Only those lines from the one with "Pizzeria Kebab Kuky" through the last line of the material belong in the answer, each repeated exactly.
--- Listed entries Enclosed Below ---
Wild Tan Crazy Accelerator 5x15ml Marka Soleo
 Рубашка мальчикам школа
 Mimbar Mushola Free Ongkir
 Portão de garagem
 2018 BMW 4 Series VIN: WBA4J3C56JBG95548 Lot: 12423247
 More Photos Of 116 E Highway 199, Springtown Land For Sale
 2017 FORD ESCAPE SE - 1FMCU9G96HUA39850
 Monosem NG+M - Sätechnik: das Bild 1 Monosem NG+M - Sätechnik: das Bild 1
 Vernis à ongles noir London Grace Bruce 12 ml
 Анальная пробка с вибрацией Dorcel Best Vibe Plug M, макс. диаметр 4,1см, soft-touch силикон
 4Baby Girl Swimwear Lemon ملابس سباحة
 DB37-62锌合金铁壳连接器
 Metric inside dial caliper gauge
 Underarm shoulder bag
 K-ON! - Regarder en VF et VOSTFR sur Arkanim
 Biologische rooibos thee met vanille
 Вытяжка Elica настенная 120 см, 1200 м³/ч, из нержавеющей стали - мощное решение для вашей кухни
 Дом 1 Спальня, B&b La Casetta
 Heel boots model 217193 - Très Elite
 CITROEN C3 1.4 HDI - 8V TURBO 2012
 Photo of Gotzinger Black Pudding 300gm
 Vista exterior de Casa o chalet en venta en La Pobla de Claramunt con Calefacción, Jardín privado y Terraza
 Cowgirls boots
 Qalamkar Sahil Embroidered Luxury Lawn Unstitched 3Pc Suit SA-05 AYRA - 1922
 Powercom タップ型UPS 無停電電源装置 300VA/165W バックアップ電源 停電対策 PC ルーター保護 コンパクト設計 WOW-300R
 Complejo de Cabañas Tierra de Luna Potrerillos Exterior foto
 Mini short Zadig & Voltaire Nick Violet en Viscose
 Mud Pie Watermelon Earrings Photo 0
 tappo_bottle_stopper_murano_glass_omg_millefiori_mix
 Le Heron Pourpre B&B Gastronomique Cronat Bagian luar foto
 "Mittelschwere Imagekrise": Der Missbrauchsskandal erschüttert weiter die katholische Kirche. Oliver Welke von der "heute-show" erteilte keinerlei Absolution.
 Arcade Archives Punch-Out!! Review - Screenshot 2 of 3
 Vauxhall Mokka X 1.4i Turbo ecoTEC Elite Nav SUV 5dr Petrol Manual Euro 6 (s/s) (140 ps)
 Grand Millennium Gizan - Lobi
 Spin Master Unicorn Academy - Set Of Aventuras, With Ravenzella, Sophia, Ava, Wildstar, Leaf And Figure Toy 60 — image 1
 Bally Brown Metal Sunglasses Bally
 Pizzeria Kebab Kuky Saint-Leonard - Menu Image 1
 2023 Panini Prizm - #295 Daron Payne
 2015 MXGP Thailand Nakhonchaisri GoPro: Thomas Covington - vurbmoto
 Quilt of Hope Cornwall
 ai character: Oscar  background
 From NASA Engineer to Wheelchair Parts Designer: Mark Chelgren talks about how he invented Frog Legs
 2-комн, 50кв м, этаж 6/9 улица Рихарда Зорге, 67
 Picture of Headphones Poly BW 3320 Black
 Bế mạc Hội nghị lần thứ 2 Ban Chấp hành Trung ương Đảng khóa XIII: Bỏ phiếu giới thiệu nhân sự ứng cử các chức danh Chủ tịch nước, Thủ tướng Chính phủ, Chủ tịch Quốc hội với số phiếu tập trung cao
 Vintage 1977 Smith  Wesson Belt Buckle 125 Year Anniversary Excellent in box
--- End of Enclosed Listed entries ---
### [Task solution]
 Pizzeria Kebab Kuky Saint-Leonard - Menu Image 1
 2023 Panini Prizm - #295 Daron Payne
 2015 MXGP Thailand Nakhonchaisri GoPro: Thomas Covington - vurbmoto
 Quilt of Hope Cornwall
 ai character: Oscar  background
 From NASA Engineer to Wheelchair Parts Designer: Mark Chelgren talks about how he invented Frog Legs
 2-комн, 50кв м, этаж 6/9 улица Рихарда Зорге, 67
 Picture of Headphones Poly BW 3320 Black
 Bế mạc Hội nghị lần thứ 2 Ban Chấp hành Trung ương Đảng khóa XIII: Bỏ phiếu giới thiệu nhân sự ứng cử các chức danh Chủ tịch nước, Thủ tướng Chính phủ, Chủ tịch Quốc hội với số phiếu tập trung cao
 Vintage 1977 Smith  Wesson Belt Buckle 125 Year Anniversary Excellent in box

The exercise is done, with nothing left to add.